75. Emilia

300 29 4
                                    

Me voilà de nouveau dans le bureau de l'inspecteur de police, mais cette fois, je suis seule. J'ai dit à ma mère que je n'avais pas besoin d'être accompagnée et j'ai assuré la même chose à l'inspecteur.

— Vous avez donc de nouvelles informations ? me demande-t-il, l'air intéressé.

Je hoche la tête.

— Oui. Cependant, j'ai lu que vous étiez proche de clôturer l'enquête, donc je ne sais pas ce que vous allez en faire mais...

— Aucune enquête n'est close, me coupe-t-il. Et notamment l'instruction en ce qui concerne les photos dénudées.

— C'est vrai ? Mais je pensais que comme Nalo, enfin Nathan Lostier, était mort, on ne pouvait pas le poursuivre ?

L'inspecteur m'adresse un petit sourire. Je ne sais pas si c'est dû à ce sourire ou au ton qu'il emploie pour me parler, mais je le sens bien plus empathique que la première fois que je l'ai rencontré.

— Tout à fait, me répond-il. Il n'empêche qu'une instruction peut être ouverte contre x. Très vite, il s'est révélé clair que nous n'avions aucune certitude qu'il s'agisse de Monsieur Lostier derrière ces messages. L'enquête devait donc le déterminer. Dans son téléphone, que nous avions saisi, il n'y avait pas de traces de vos échanges. À la suite de votre passage dans nos locaux, d'autres personnes sont venues apporter leurs témoignages. L'instruction suit donc son cours.

— D'accord.

Je me triture les mains avant de les poser à plat sur mes cuisses.

— Du coup, je pense qu'il est normal que vous n'ayez pas trouvé de conversation entre Nalo et moi. Ce n'est pas qu'il les avait effacés, c'est que ce n'était pas sur son compte principal qu'on aurait pu les trouver. C'était sur un compte qu'il disait secret, sûrement pas connecté tout le temps s'il lui appartenait.

— Hum hum, fait l'inspecteur en acquiesçant vigoureusement, comme pour m'encourager à poursuivre, vu que ces informations, je les lui avais déjà communiquées.

— Comme vous le savez, je ne suis pas la seule à avoir discuté avec Nalo, ou celui qui se dit être Nalo, et à avoir reçu des photos de nus pour m'encourager à en envoyer aussi. Les photos étaient les mêmes à chaque fois, pour chacune d'entre nous.
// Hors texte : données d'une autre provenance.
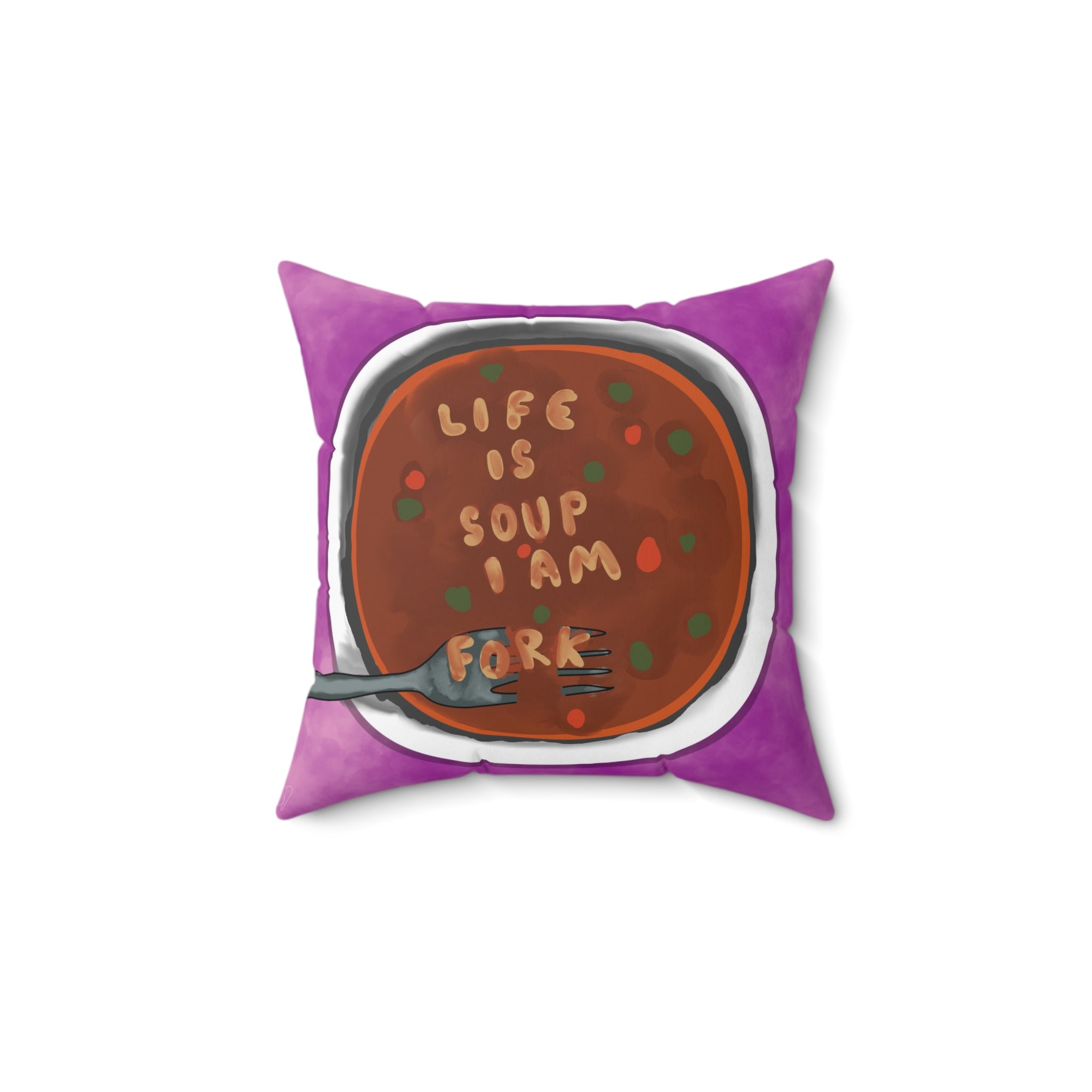 Square Pillow – 'Life Is Soup I Am Fork' Funny Kitchen Decorative Throw Pillow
— Jusque-là, rien de surprenant, vous savez, me dit l'inspecteur. Dans d'autres enquêtes du même type, nous sommes malheureusement souvent confrontés à des faits similaires. La personne ne s'embête pas à diversifier les photos. Elle en choisit quelques-unes qu'elle enverra à toutes ses victimes.

— Là, ce qui était surprenant, c'était que ces photos, n'importe qui ne pouvait pas les avoir. Si ce n'était pas Nalo, c'était quelqu'un de proche ou qui avait du moins accès à son téléphone.

L'inspecteur sourit. Il me regarde de manière bien plus douce que la dernière fois.

— Bien vu, mademoiselle. Et ce sont les pistes que nous explorons.

— J'ai regardé toutes ses vidéos et j'ai trouvé quelque chose. J'en ai parlé aux autres victimes et c'est cette info-là que je voulais vous donner.

Le sourire de l'inspecteur s'élargit.

— Nous y arrivons donc.

— La personne avec qui nous parlions avait une expression qui revenait tout le temps, que ce soit par écrit ou au téléphone. Il disait souvent « en vrai » ou « en vrai de vrai ». Je n'avais pas du tout tilté jusque-là que Nalo n'utilisait jamais ces expressions, en tout cas pas dans ses vidéos. Dans son quotidien, ça, on ne peut plus le savoir maintenant. Mais il y a quelqu'un d'autre qui apparaît souvent dans ses vidéos et qui, lui, l'utilisait souvent.

— Qui donc ? Je suis tout ouïe.

Le silence plane quelques instants.

— Son frère, Alec.

L'inspecteur griffonne sur son cahier, puis reporte son regard sur moi.

— Intéressant. Vous êtes cependant consciente qu'un tic de langage ne suffit pas à incriminer une personne ?

— Évidemment. Mais c'est suspect, non ?

L'inspecteur ne répond pas. Il note encore quelque chose.

— Son frère, c'est un proche, j'ajoute. Et il a accès à beaucoup d'infos, peut-être même au téléphone de Nalo, à ses photos, à ses vidéos, à ses messages, voire à ses comptes sur les réseaux sociaux. Donc...

— Donc, ça vous pose question.

— Pas à vous ?

L'inspecteur sourit une nouvelle fois.